Part of the proposed national monument — to be administered by the Bureau of Land Management and the Forest Service, not the Park Service — has been a BLM wilderness study area (WSA) since the 1980s, at least.
Like a lot of the BLM WSA's, it is a not a high-altitude alpine forest-and-snow area, but would protect lower elevation forest (important big game habitat) and riparian areas. It had a road into it to an old mining camp. And lots of people wanted a say for or against the proposal: recreational gold miners, hunters, dirt bikers, four-wheelers, cattlemen, commercial rafters, private rafters, anglers . . . and one group that surprised me, but whose inclusion makes perfect sense.
Over the years, compromises were made, and the original proposal shrank down to about 10,000 acres.
Udall praised the effort as "emblematic" of how a public lands bill should be crafted, from the bottom up and as a "common sense proposal" that would "protect all existing legal uses."
Then came brief statements from supporters. There was the motel owner-real estate agent from Buena Vista, who said that a designated national monument would bring more visitors. I suspect that he is right. The vice president of the commercial rafters association made a similar point, noting that whitewater rafting on the Arkansas is a $54 million industry.
Another outfitter, Bill Dvorack (holder of Colorado outfitting license #1) spoke about protecting wildlife habitat. Bill Sustrich of Salida, at 87 years probably the oldest life member of Backcountry Hunters & Anglers, talked about ATVers ruining elk hunting.

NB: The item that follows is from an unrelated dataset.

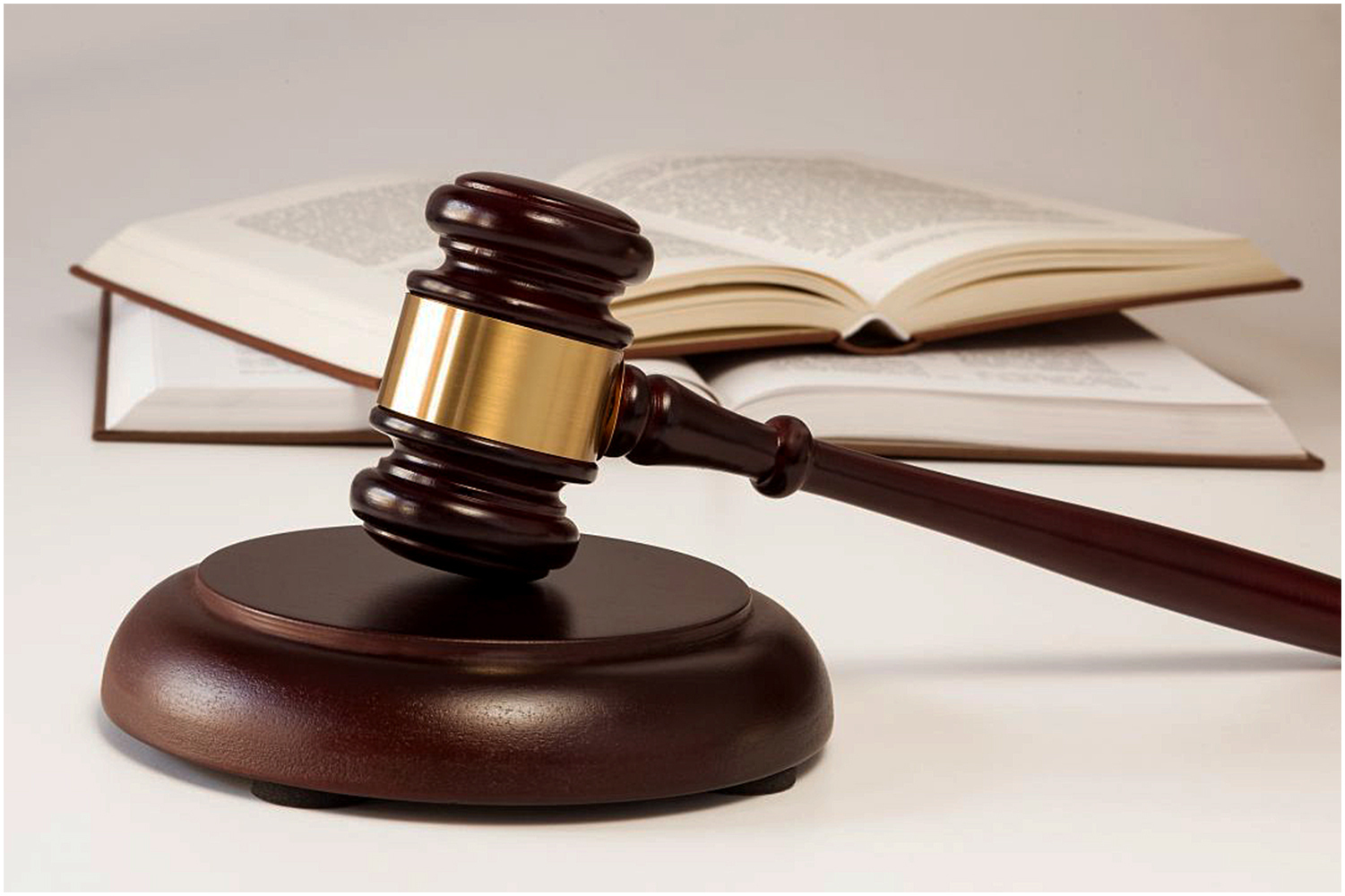 Неисполнение Обязанностей: Чиновники Могут Избежать Наказания?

Interestingly, there was another speaker from a nonprofit group helping veterans reintegrate into society. He identified himself as a former Army sniper in Iraq, and talked about the part that public lands recreation played in his own de-stressing from his war experience.
That rang a bell — I remembered outdoor writer and vet Galen Geer writing an article about how hunting did something similar for him after his tours in Vietnam. His article seemed to stand alone at the time (the late 1980s or early 1990s), but now people are organizing such outdoor experiences.
* About a century ago, the US Board of Geographic Names or some such agency decided that the possessive apostrophe was too complicated for them.